By: Michelle Lindfors

It takes a whole village to raise our children,
It takes a whole village to raise one child.
We all everyone must share the burden,
We all everyone will share the joy.

A cartoon in this week’s New Yorker magazine features a hapless father buying his young daughter a helmet so she can ride her scooter. He tells the salesman, “I need something sturdy enough to withstand the scrutiny of other parents.”

Indeed, raising a child today can be a competitive sport with constant comparison and one-upmanship. At the times when all is going well with the raising of a child, parents humble-brag about everything from the child’s APGAR score (this is a test given moments after birth to measure a newborn’s well-being), to first steps, to soccer prowess, to math wizardry, to piano prodigy-ness, to SAT scores, college admissions, and on and on. Parents wrongly think that the child’s success is due solely to their efforts and sacrifice and talent. They forget that their children are God’s children, on loan to them to nurture and to guide and to ultimately make them His followers.

Conversely, when all is not well, our culture sends that same false message that every child is the sole responsibility of his or her parents, and that the rest of us are off the hook. If we hear a baby screeching on an airplane, we give the parents a tsk-tsk death stare; if a world-class tantrum is on display on aisle nine near the cake mixes, we roll our eyes and hightail it to the bananas. And when the children who are not faring well are older, we nod our head and commiserate, but privately we shake our heads and wonder what those parents did wrong.

God’s message on families, encapsulated in the African proverb we will sing about on Sunday, though, is refreshingly countercultural. We are all on the hook. What a beautiful vision of child-raising this song extols: It takes a whole village to raise one child. Singing this song is reminiscent of the lovely part of our baptismal liturgy when the congregation stands and promises to tell the child the story of Jesus and to nurture the child’s faith. We’re all in this together.

Like many others in the Chancel Choir, my husband Jon and I are raising our children at Trinity and we are so grateful to be a part of this particular Christian community that assists parents at every age and stage of the lives of their children. Being a parent at Trinity is to be a part of a caring, creative, committed village. Our children have been “raised” by Sunday school teachers, VBS small group leaders, choir directors, Gopher Gulch teen volunteers, Happy Birthday Jesus party craft table leaders, Forest Home summer camp bus drivers, youth pastors and, indeed, just the random smiling adults who exclaim, “Wow, you are sure growing up!” to our kids as they make their way across the patio to grab a doughnut on a Sunday morning.

Sunday’s anthem also acknowledges that this business of raising a child is, paradoxically, both a burden and a joy. God’s vision for families is that we lift up the parents with help and prayer when they struggle and that we wholeheartedly celebrate with them when they rejoice. Praise God for this vision of the church!

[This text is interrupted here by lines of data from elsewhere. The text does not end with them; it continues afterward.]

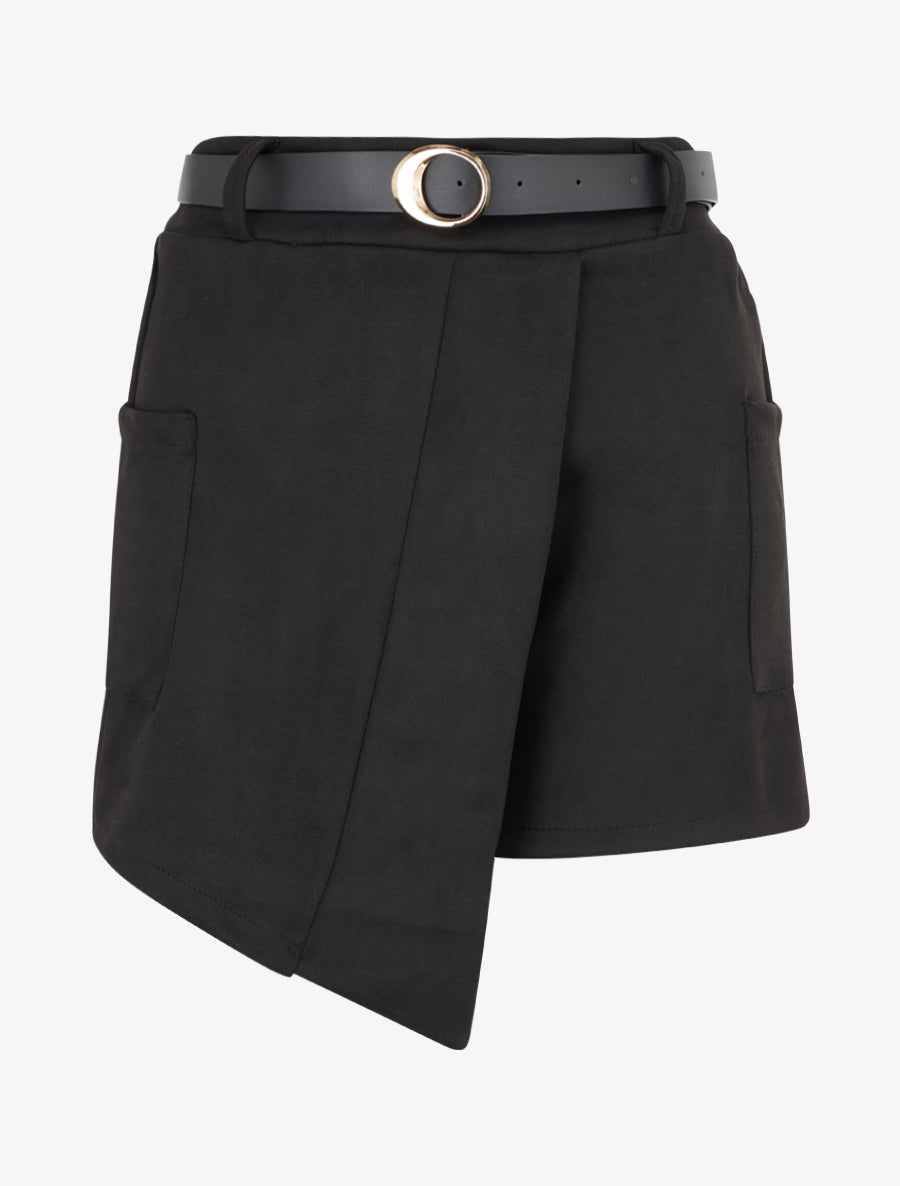 Short suédine style jupe à poches plaquées - Noir - 1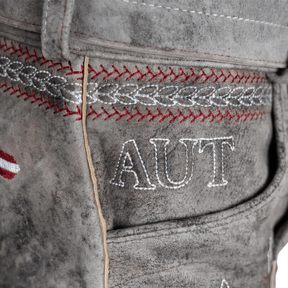 Kult Lederhose Österreich Adler - Vintage Grau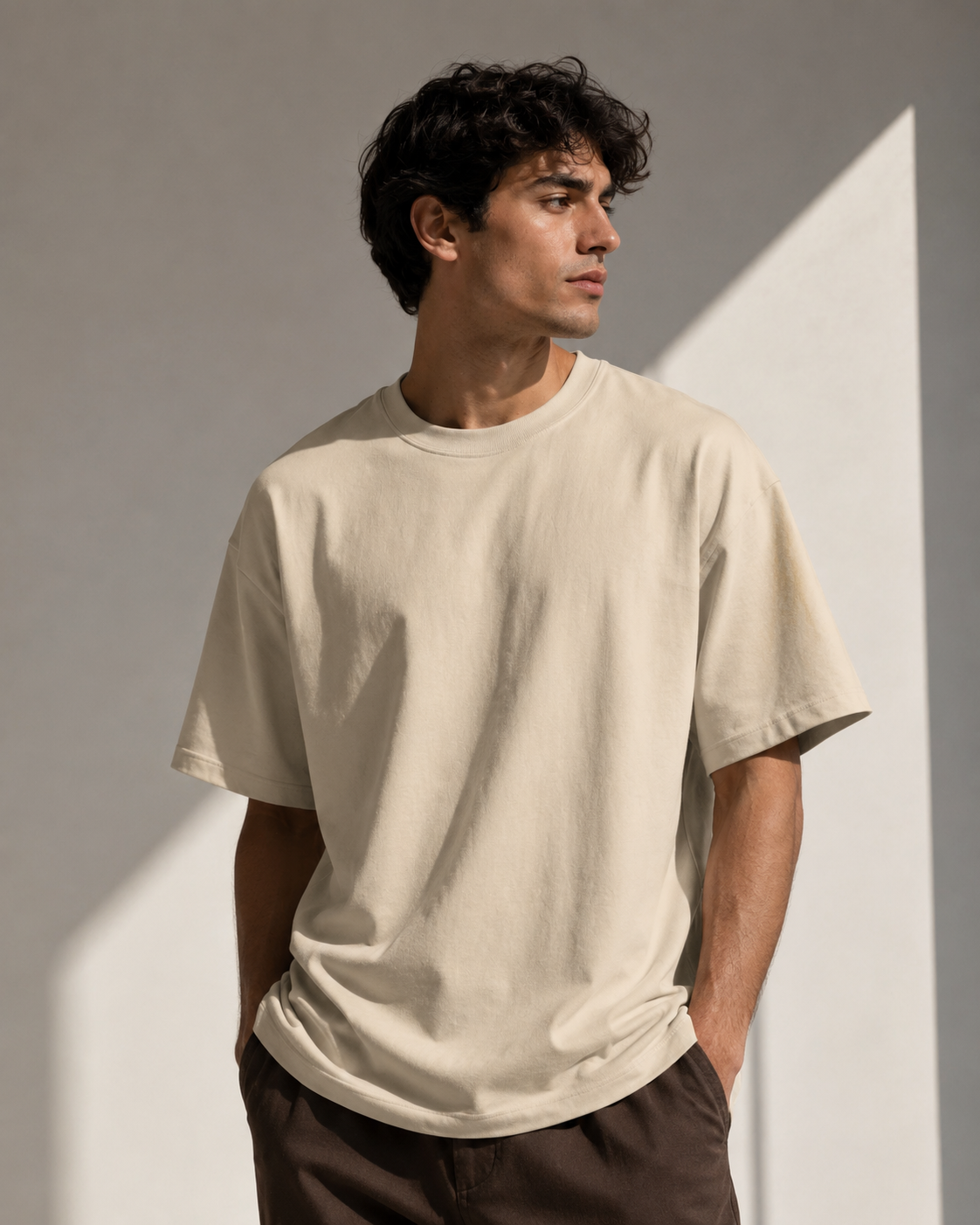 Muted Beige Oversized T-Shirt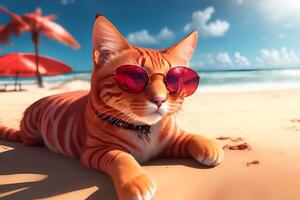 vermelho gato com oculos de sol em tropical de praia. ai gerado foto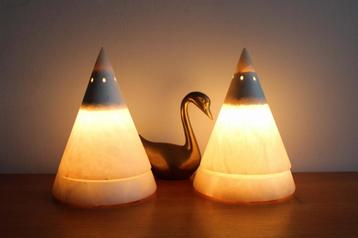 Set albasten vintage lampen - marmer look. Retro design lamp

In her notes at the end of the piece, the composer Joan Szymko states that in writing the song she wished to convey the cultural meaning behind this West African proverb. She says that in the second part of the piece, each voice part has its own unique role, and, when all four parts are combined, a “truly joyful spirit arise[s].” Singing this part of the song makes my heart smile, as I envision the whole body of Christ, the whole village, coming together in exuberant dance. The solo at the beginning of the piece proclaims the proverb, but it is the energetic middle that embodies the message of the anthem: we are many, yet we are one.

Dear Heavenly Father,
We thank you for your wisdom that shines through this proverb, and we thank you that we are blessed here at Trinity with a loving and faithful community to help us raise our children. Bless those among us who are raising children right now—give them the energy, courage, humor, and creativity needed to bring them up to be your devoted followers. Help us all see families around us with your eyes and prompt us to lend a hand in the raising of their children.
Inspire us to keep our baptismal promises to all the children at Trinity and, indeed, may this promise extend to all the children of the world. The more we believe that it takes a whole village to raise one child and live out this proverb, the closer your kingdom is to us here on Earth. May it be so, Lord.